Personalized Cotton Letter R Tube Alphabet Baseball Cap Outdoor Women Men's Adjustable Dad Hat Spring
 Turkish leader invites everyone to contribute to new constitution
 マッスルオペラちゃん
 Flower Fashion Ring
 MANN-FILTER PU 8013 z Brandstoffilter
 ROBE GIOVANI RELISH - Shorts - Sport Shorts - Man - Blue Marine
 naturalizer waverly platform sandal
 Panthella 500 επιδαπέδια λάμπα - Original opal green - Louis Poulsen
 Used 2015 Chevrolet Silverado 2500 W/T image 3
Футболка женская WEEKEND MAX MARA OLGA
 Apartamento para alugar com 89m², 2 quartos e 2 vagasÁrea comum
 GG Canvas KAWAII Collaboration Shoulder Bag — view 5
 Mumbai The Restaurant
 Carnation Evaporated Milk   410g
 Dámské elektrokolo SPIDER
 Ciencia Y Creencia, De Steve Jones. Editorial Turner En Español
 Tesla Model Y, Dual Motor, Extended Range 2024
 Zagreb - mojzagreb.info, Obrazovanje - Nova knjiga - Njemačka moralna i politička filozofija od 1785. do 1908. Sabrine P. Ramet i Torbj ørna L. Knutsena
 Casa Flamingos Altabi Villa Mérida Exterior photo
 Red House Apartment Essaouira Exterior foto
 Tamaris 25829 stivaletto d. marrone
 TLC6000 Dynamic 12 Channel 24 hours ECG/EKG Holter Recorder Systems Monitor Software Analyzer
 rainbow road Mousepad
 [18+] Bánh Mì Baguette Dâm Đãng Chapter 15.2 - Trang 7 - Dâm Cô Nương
※
*DESCRIPTION OF THE TASK*. Where the listing above reaches the line that contains "Flower Fashion Ring", start retyping, and finish with the line that contains "Tamaris 25829 stivaletto d. marrone"; reproduce those lines exactly and no others.

*SOLUTION FOR THIS PROBLEM*.
 Flower Fashion Ring
 MANN-FILTER PU 8013 z Brandstoffilter
 ROBE GIOVANI RELISH - Shorts - Sport Shorts - Man - Blue Marine
 naturalizer waverly platform sandal
 Panthella 500 επιδαπέδια λάμπα - Original opal green - Louis Poulsen
 Used 2015 Chevrolet Silverado 2500 W/T image 3
Футболка женская WEEKEND MAX MARA OLGA
 Apartamento para alugar com 89m², 2 quartos e 2 vagasÁrea comum
 GG Canvas KAWAII Collaboration Shoulder Bag — view 5
 Mumbai The Restaurant
 Carnation Evaporated Milk   410g
 Dámské elektrokolo SPIDER
 Ciencia Y Creencia, De Steve Jones. Editorial Turner En Español
 Tesla Model Y, Dual Motor, Extended Range 2024
 Zagreb - mojzagreb.info, Obrazovanje - Nova knjiga - Njemačka moralna i politička filozofija od 1785. do 1908. Sabrine P. Ramet i Torbj ørna L. Knutsena
 Casa Flamingos Altabi Villa Mérida Exterior photo
 Red House Apartment Essaouira Exterior foto
 Tamaris 25829 stivaletto d. marrone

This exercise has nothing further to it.